*DATA FOR ANALYSIS:*
=-=-=-=-=
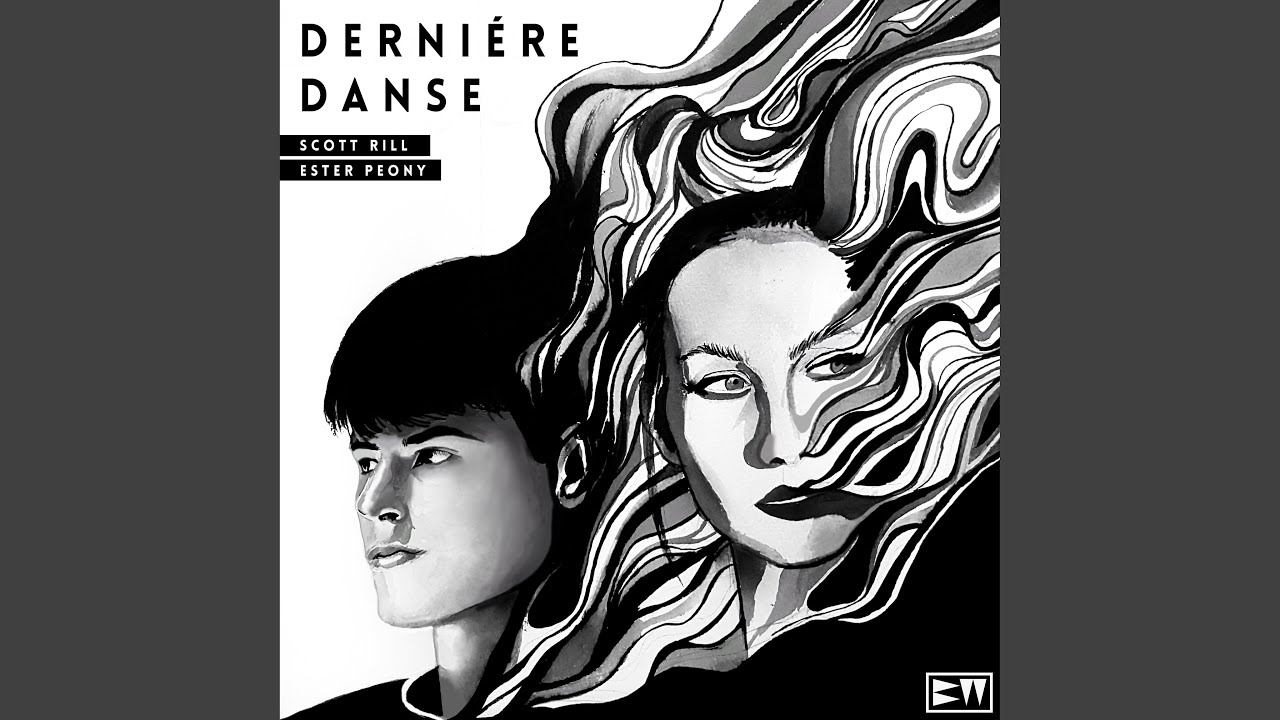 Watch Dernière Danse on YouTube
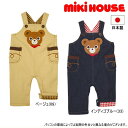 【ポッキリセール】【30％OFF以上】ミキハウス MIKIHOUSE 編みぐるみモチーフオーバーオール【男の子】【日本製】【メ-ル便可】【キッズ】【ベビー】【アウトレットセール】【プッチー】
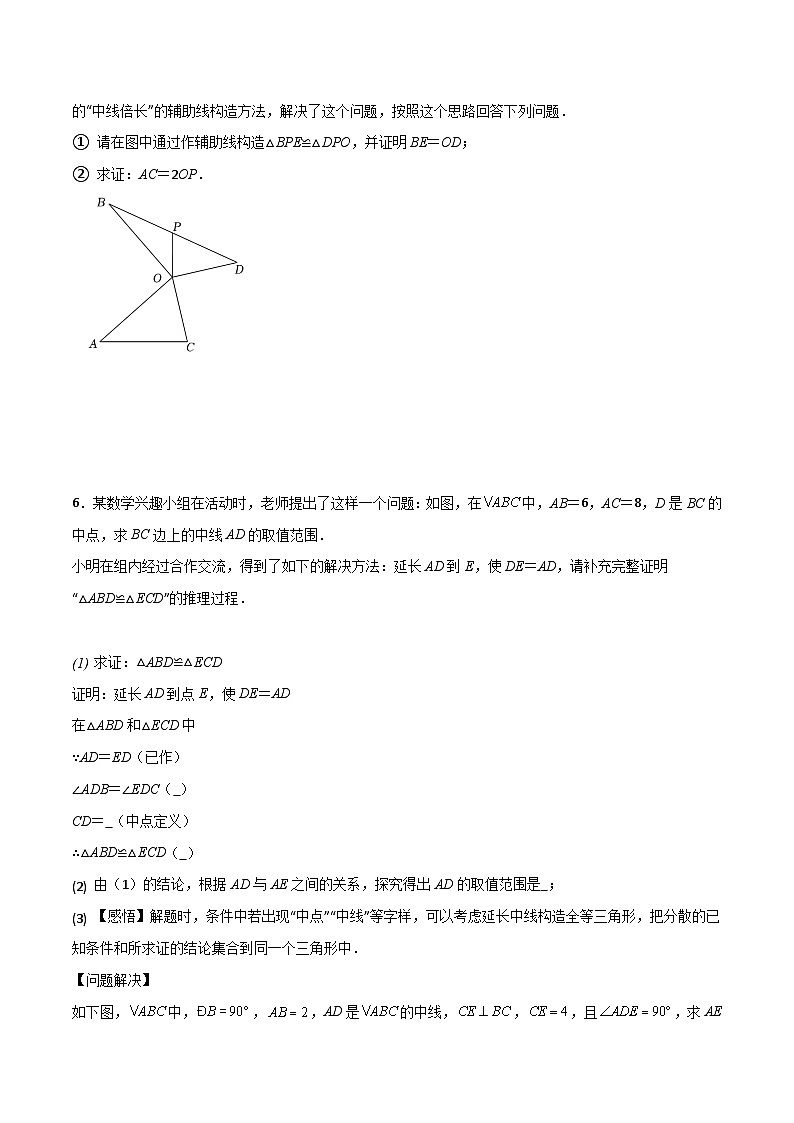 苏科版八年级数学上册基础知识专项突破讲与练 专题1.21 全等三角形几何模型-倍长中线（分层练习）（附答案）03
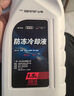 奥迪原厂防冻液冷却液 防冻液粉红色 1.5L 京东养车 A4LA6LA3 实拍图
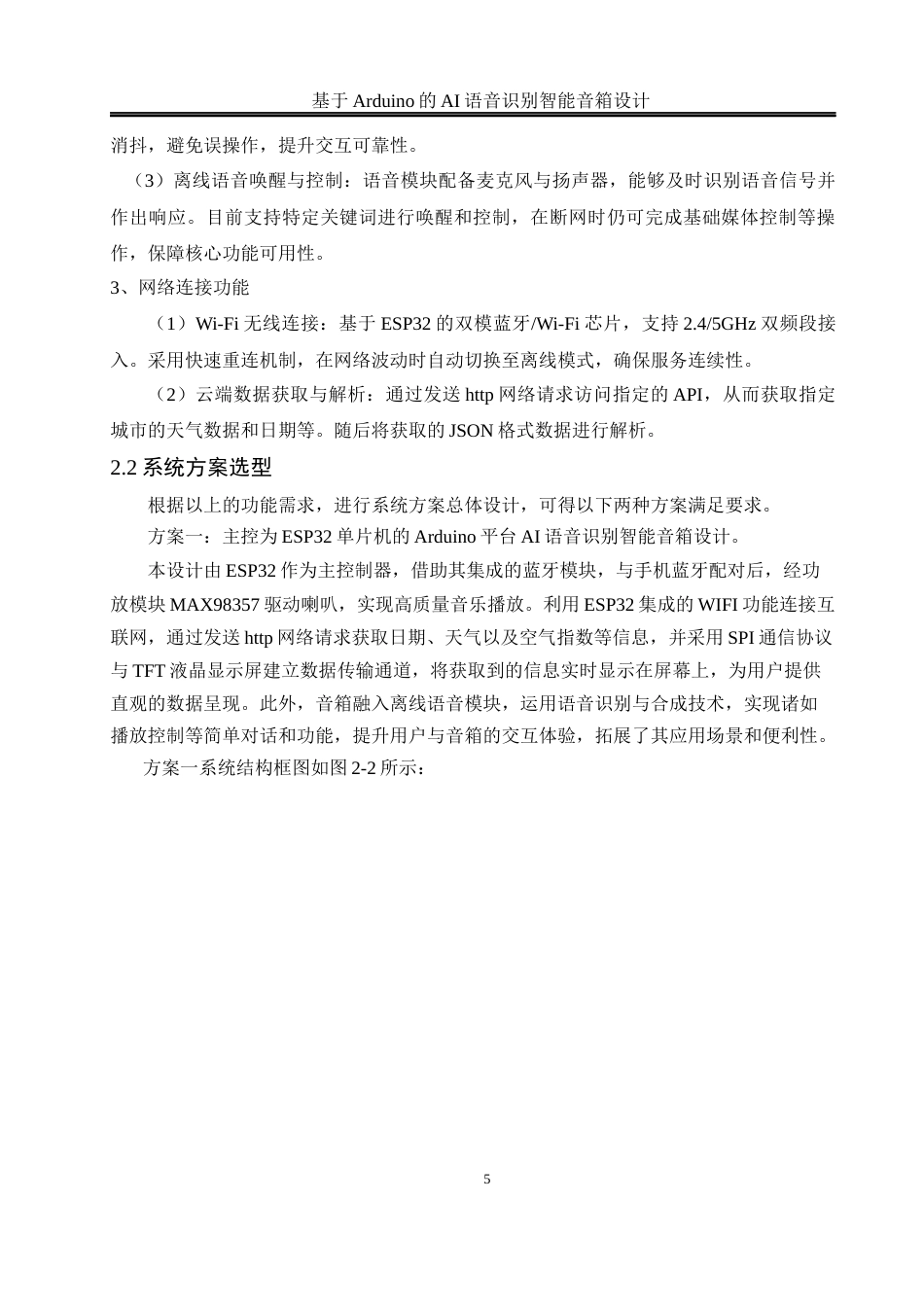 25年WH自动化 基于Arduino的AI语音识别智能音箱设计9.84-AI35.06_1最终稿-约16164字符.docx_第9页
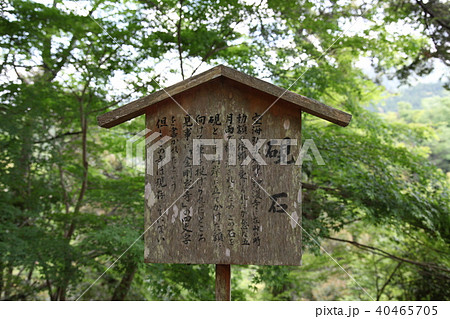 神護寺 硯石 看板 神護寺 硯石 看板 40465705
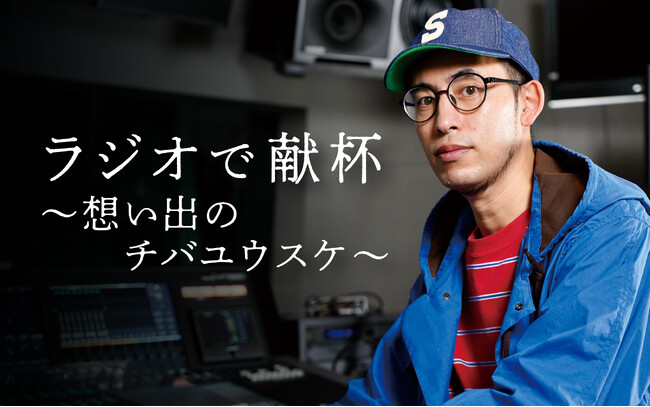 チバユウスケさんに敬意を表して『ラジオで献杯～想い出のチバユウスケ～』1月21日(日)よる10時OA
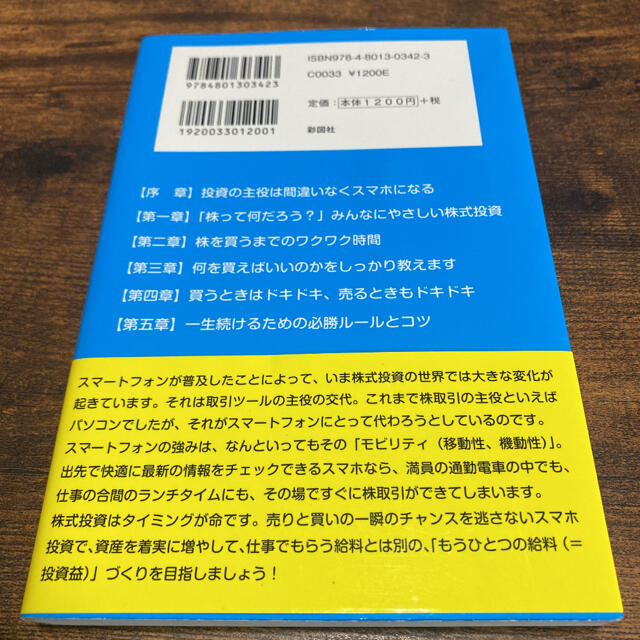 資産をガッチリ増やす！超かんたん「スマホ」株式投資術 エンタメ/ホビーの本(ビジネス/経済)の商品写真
=-=-=-=-=
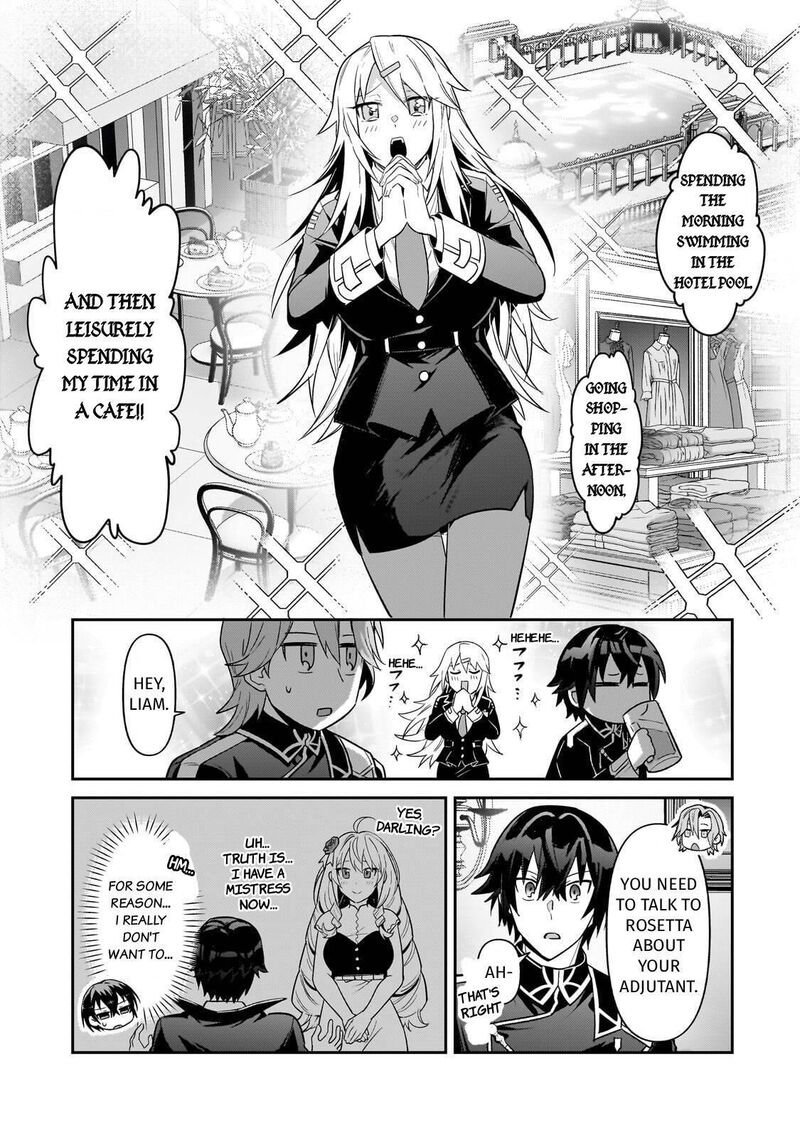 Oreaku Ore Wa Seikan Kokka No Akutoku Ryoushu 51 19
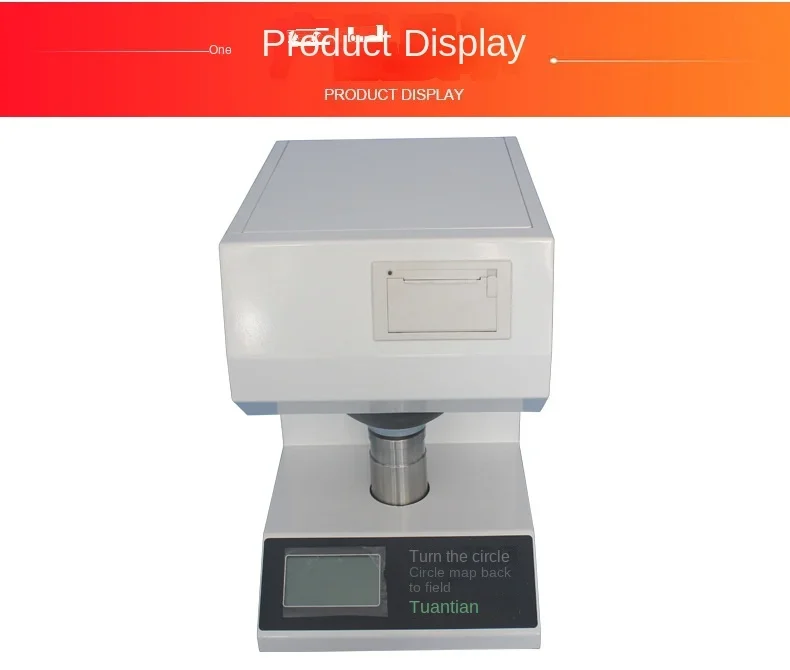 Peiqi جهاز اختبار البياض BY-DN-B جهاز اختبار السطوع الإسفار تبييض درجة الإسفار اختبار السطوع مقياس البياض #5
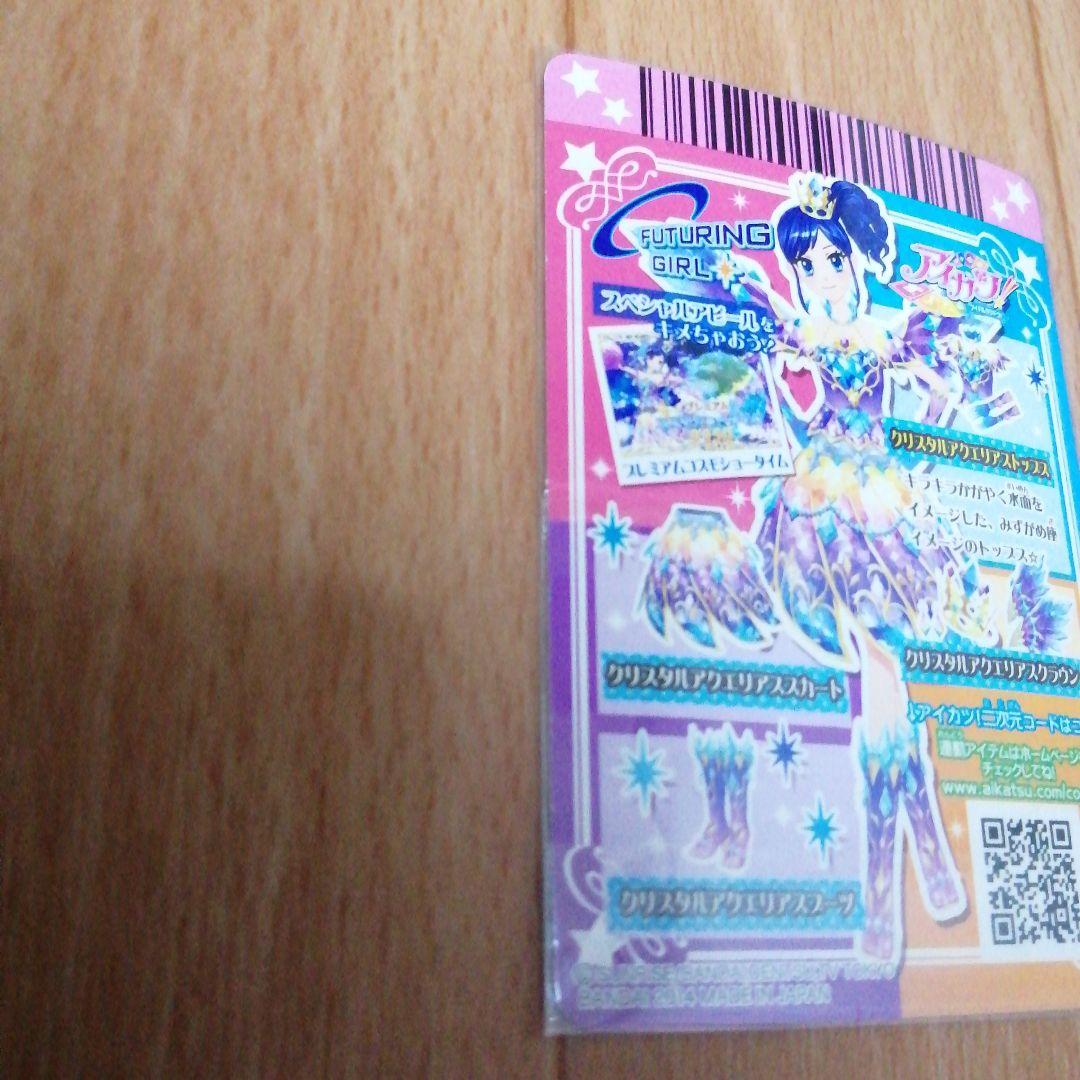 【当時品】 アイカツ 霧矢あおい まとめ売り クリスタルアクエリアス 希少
=-=-=-=-=
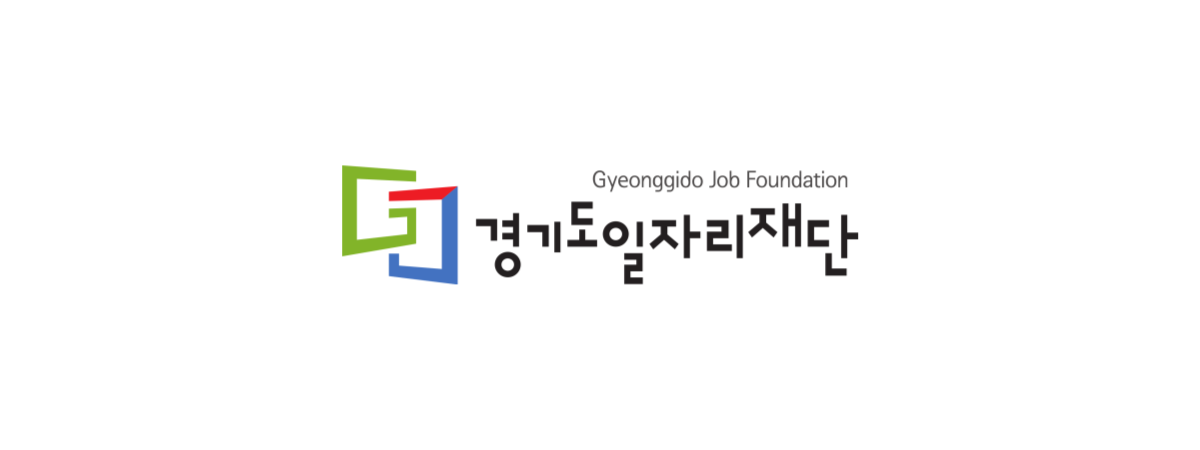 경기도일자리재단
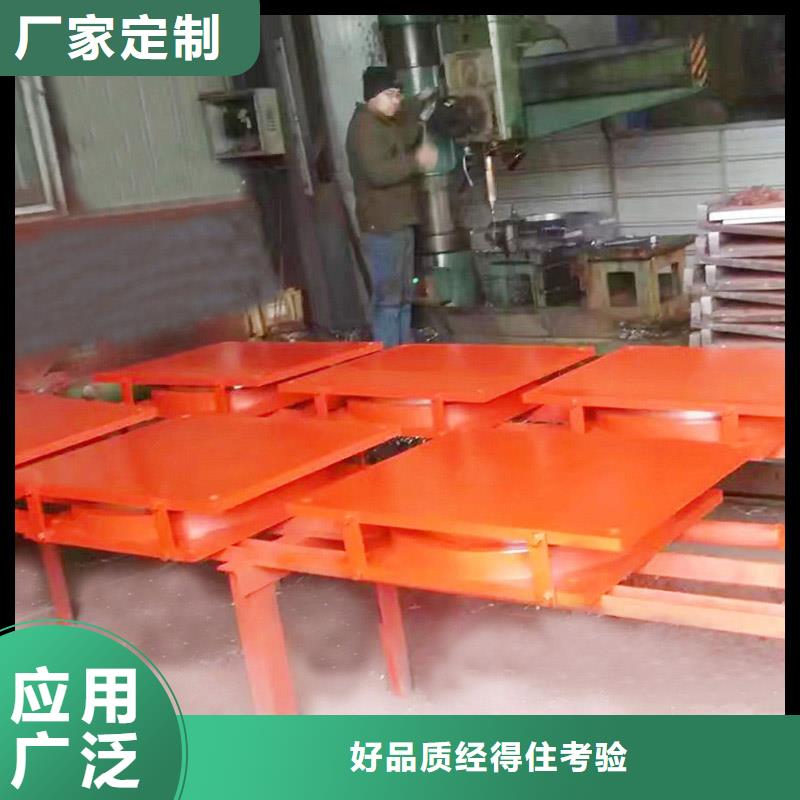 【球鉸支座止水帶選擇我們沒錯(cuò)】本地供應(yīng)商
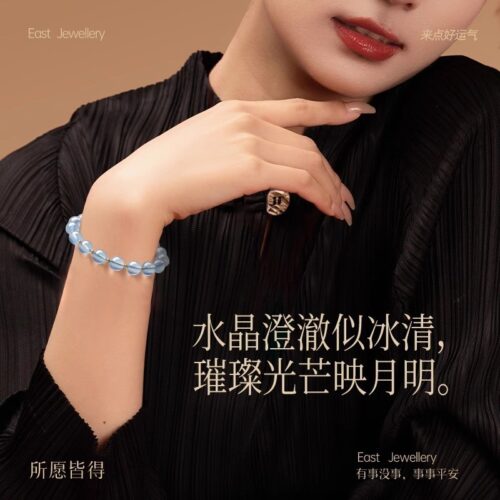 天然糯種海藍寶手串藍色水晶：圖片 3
=-=-=-=-=
*DIRECTIONS FOR THIS TASK:*
Look above for the line with "Watch Dernière Danse on YouTube" and the line with "資産をガッチリ増やす！超かん". Give again exactly those two lines and all lines between them, pictures excluded.

*EXPECTED ANSWER:*
 Watch Dernière Danse on YouTube
 【ポッキリセール】【30％OFF以上】ミキハウス MIKIHOUSE 編みぐるみモチーフオーバーオール【男の子】【日本製】【メ-ル便可】【キッズ】【ベビー】【アウトレットセール】【プッチー】
 苏科版八年级数学上册基础知识专项突破讲与练 专题1.21 全等三角形几何模型-倍长中线（分层练习）（附答案）03
 奥迪原厂防冻液冷却液 防冻液粉红色 1.5L 京东养车 A4LA6LA3 实拍图
 25年WH自动化 基于Arduino的AI语音识别智能音箱设计9.84-AI35.06_1最终稿-约16164字符.docx_第9页
 神護寺 硯石 看板 神護寺 硯石 看板 40465705
 チバユウスケさんに敬意を表して『ラジオで献杯～想い出のチバユウスケ～』1月21日(日)よる10時OA
 資産をガッチリ増やす！超かんたん「スマホ」株式投資術 エンタメ/ホビーの本(ビジネス/経済)の商品写真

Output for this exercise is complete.